# Better print last night



## gsgary (Nov 11, 2014)

I chose the wrong negative the other night i think it came out much better


----------



## waday (Nov 11, 2014)

I really like this


----------



## Derrel (Nov 11, 2014)

Nice shot of the Arch-man!


----------



## gsgary (Nov 11, 2014)

waday said:


> I really like this


Cheers mate


----------



## gsgary (Nov 11, 2014)

Derrel said:


> Nice shot of the Arch-man!


Thanks I'm quite pleased with this print had to do some burning, working in the dark room beats sitting at a computer


----------



## timor (Nov 11, 2014)

I like this angle of view. This dog now is displaying an ocean of patience with you. How many more frames did you shoot ?
Other question: what format is this print and how many percent of the area of the negative is it ? 
This frame doesn't show any edge light fall off, so I guess is not the enlarger but just natural light configuration in the other negative frame.


----------



## gsgary (Nov 12, 2014)

timor said:


> I like this angle of view.
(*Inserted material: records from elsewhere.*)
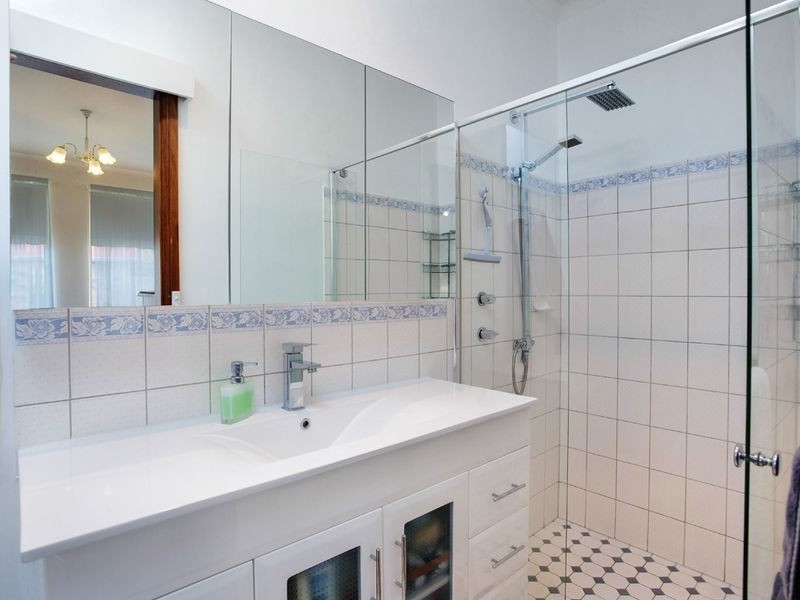 18A Rheims Street, Broadview SA 5083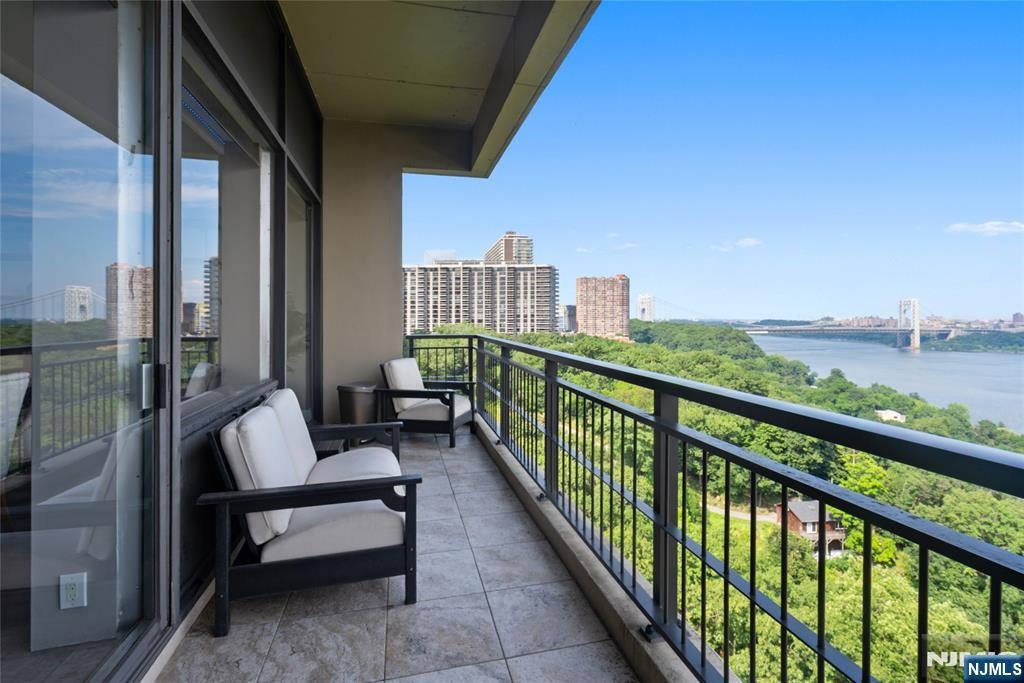4 Horizon Road 1432 — photo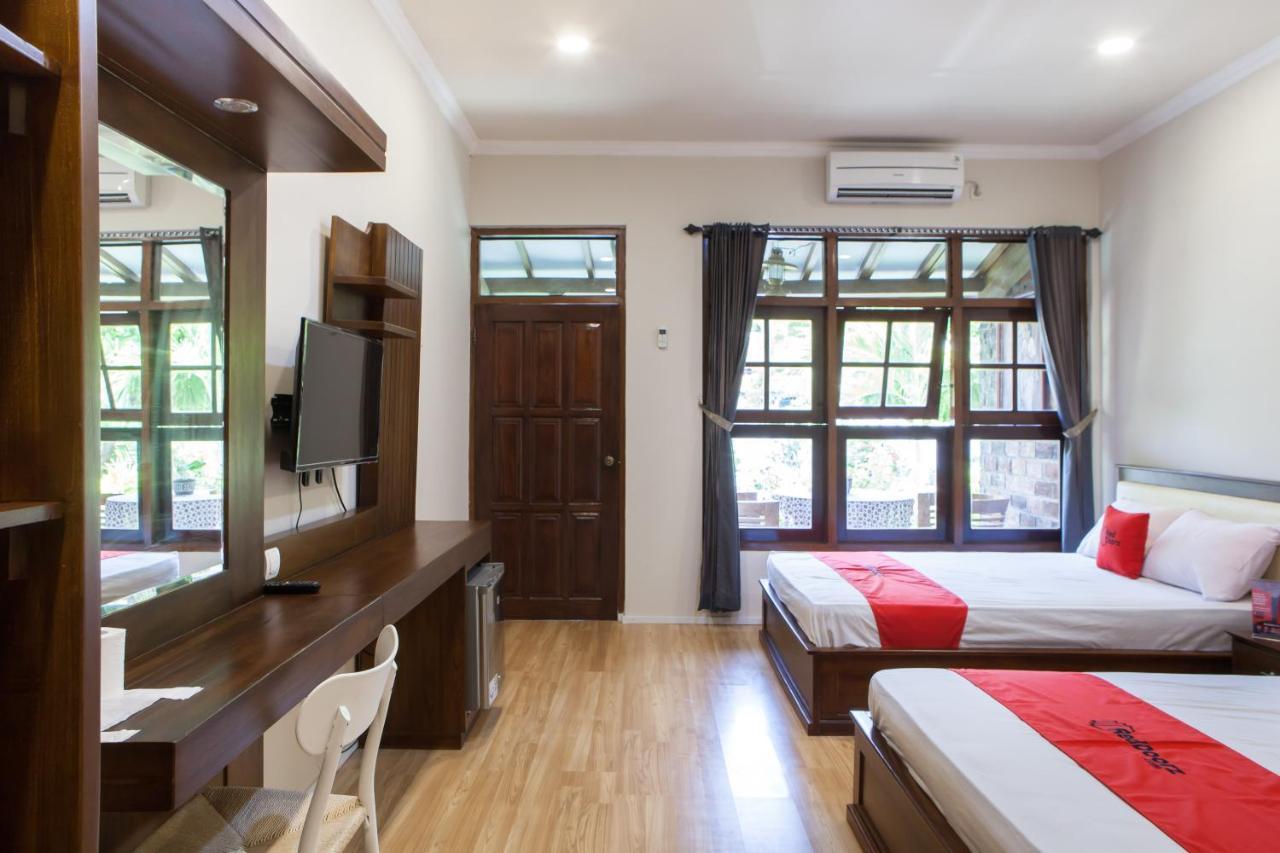Reddoorz Plus Near Mall Roxy Banyuwangi Banyuwangi  Exteriér fotografie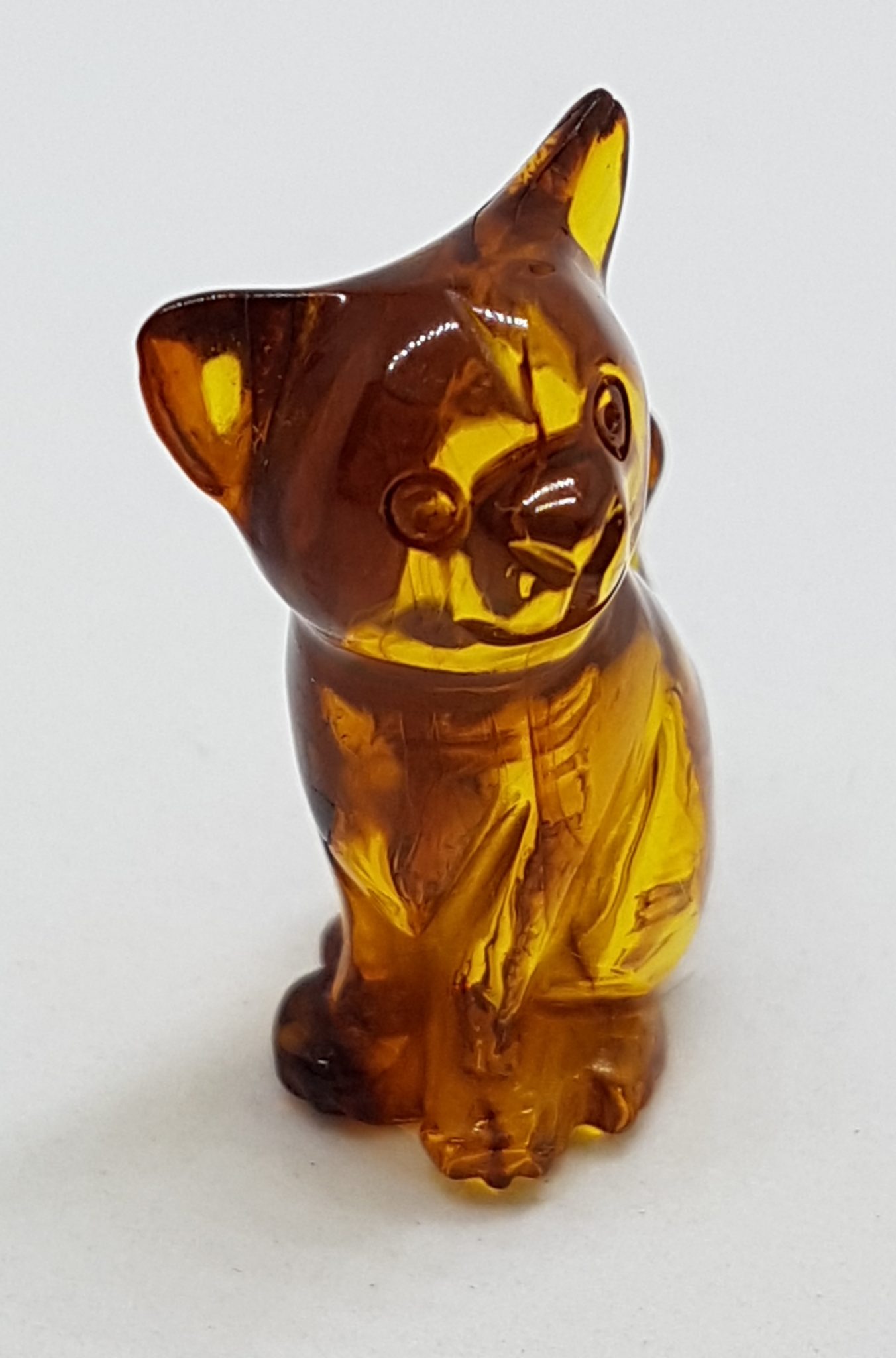 20200730_151809 Hand Carved Natural Baltic Amber Small Cat Figurine / Statue 3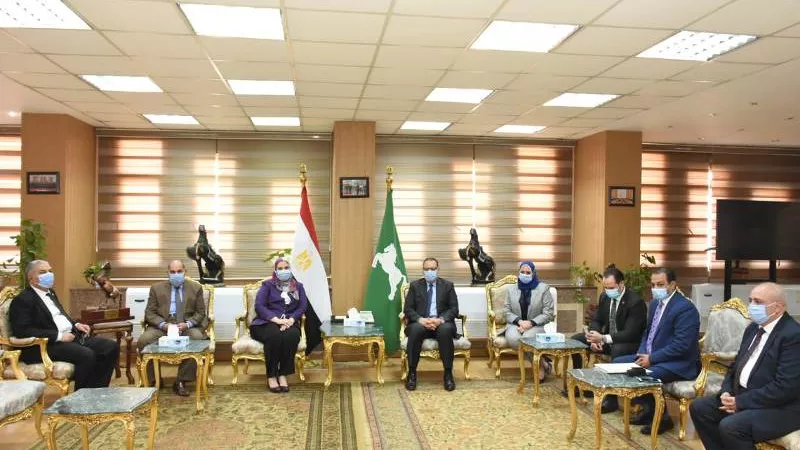 محافظ الشرقية يستقبل وزيرة التضامن الاجتماعى بمكتبه بالديوان العام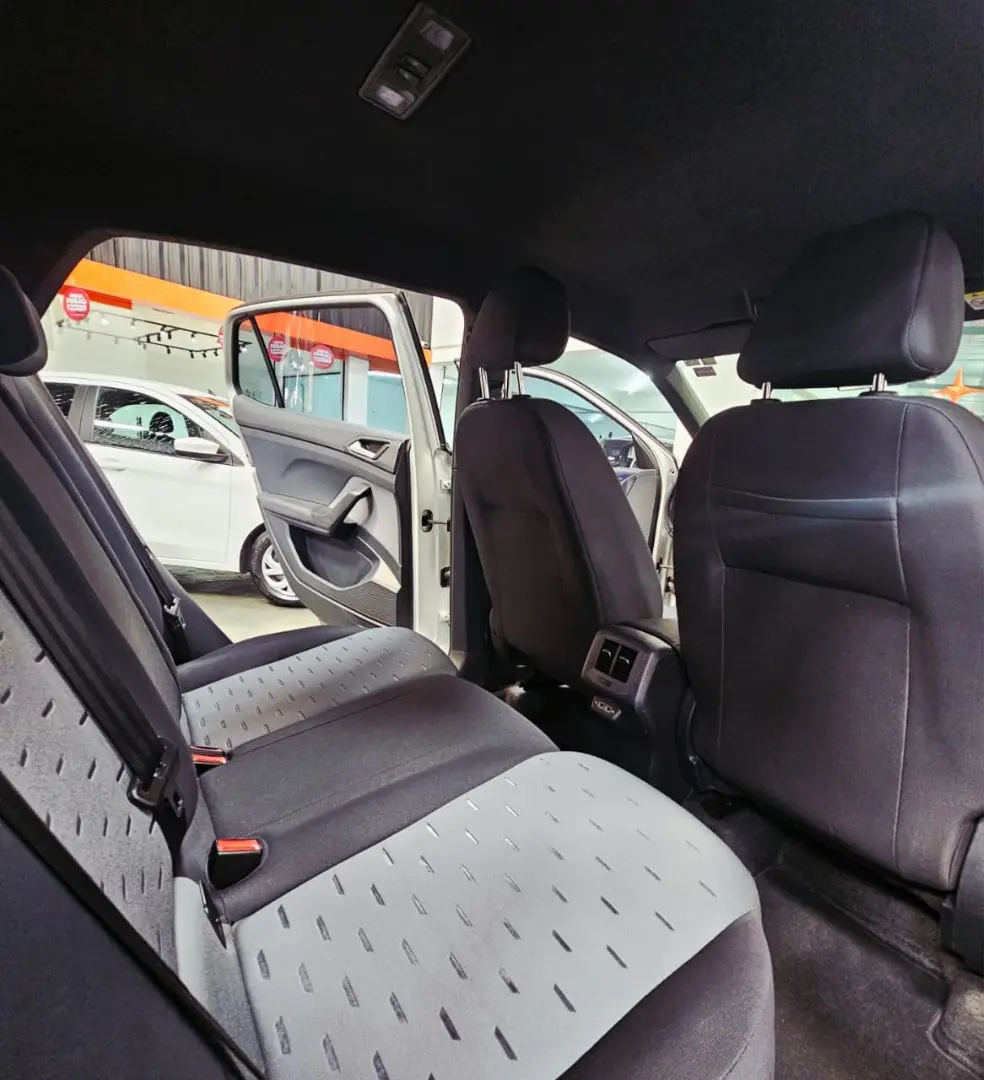 VOLKSWAGEN T-Cross - Foto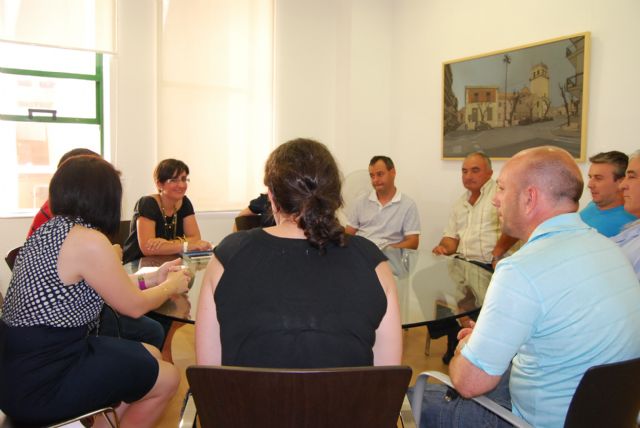 La alcaldesa y la concejal de Servicios se reúnen con responsables CEDETO, Foto 2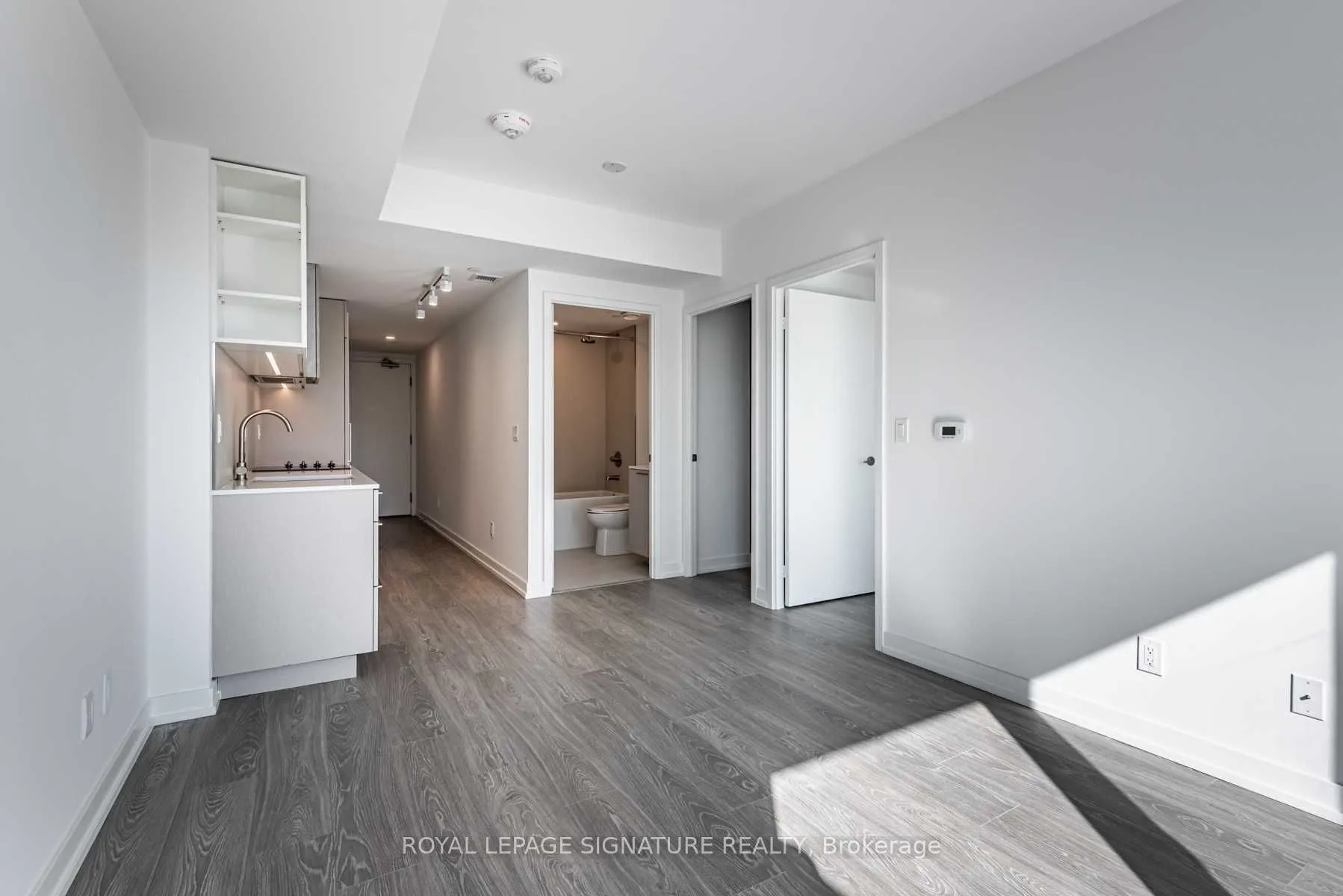 19 Western Battery Road, #301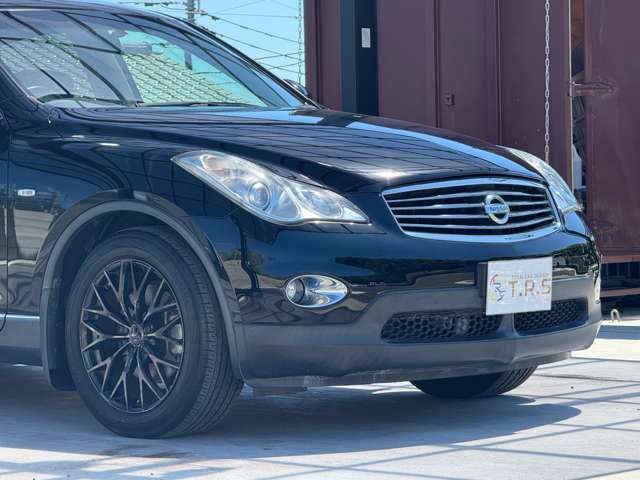当店は不定休で営業しております。車検や納車などで不在の場合がありますので、もし来店希望の際は必ず事前連絡をお願いいたします！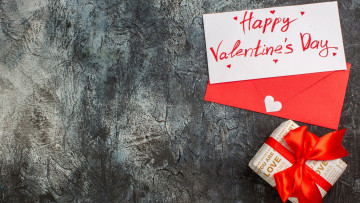 Картинка праздничные день+святого+валентина +сердечки +любовь подарок лента бант конверт записка пожелание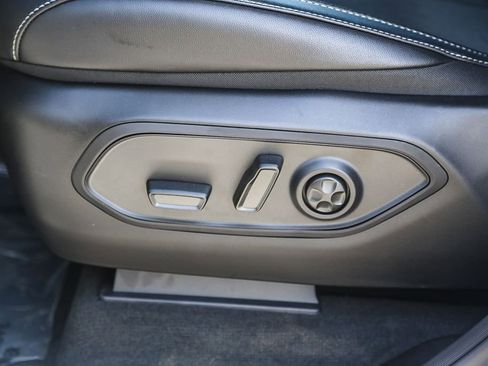 New 2025 Jeep Grand Cherokee Altitude image 22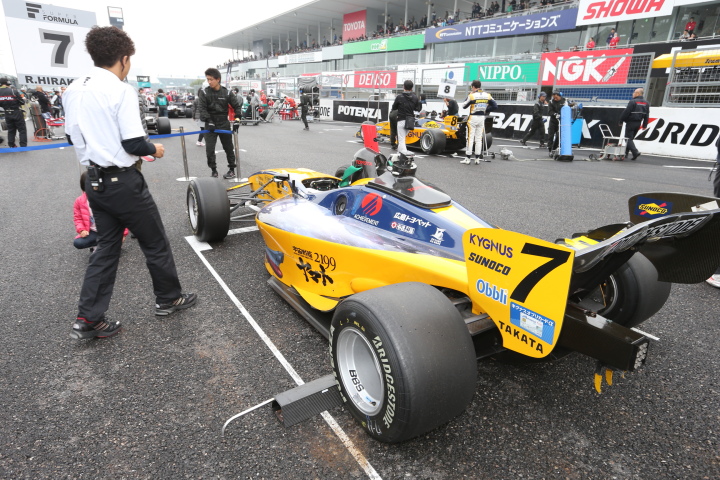 決勝レース2: 平川亮（KYGNUS SUNOCO Team LeMans）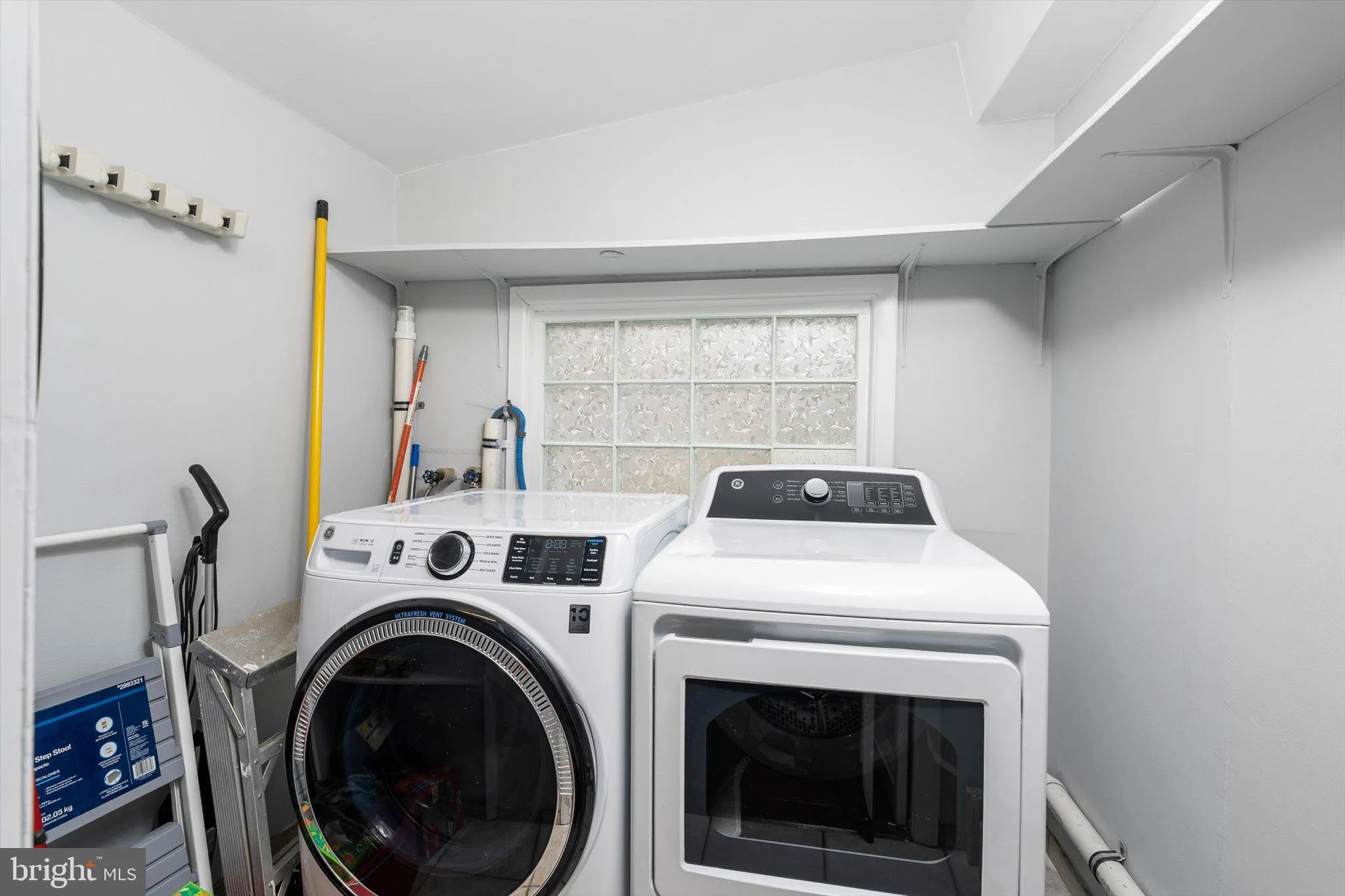 Millstone Township, New Jersey 08510, United States, 2 Bedrooms Bedrooms, ,1 BathroomBathrooms,Residential,Coming Soon,97710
This dog now is displaying an ocean of patience with you. How many more frames did you shoot ?
> Other question: what format is this print and how many percent of the area of the negative is it ?
> This frame doesn't show any edge light fall off, so I guess is not the enlarger but just natural light configuration in the other negative frame.


This is shot 35mm on a 10x8 with as much of the frame left on as possible it was shot a while back when I first got my Voigtlander 50f1.5 asph, shot at F1.5


----------



## annamaria (Nov 12, 2014)

Really like this. The angle and the expression.


----------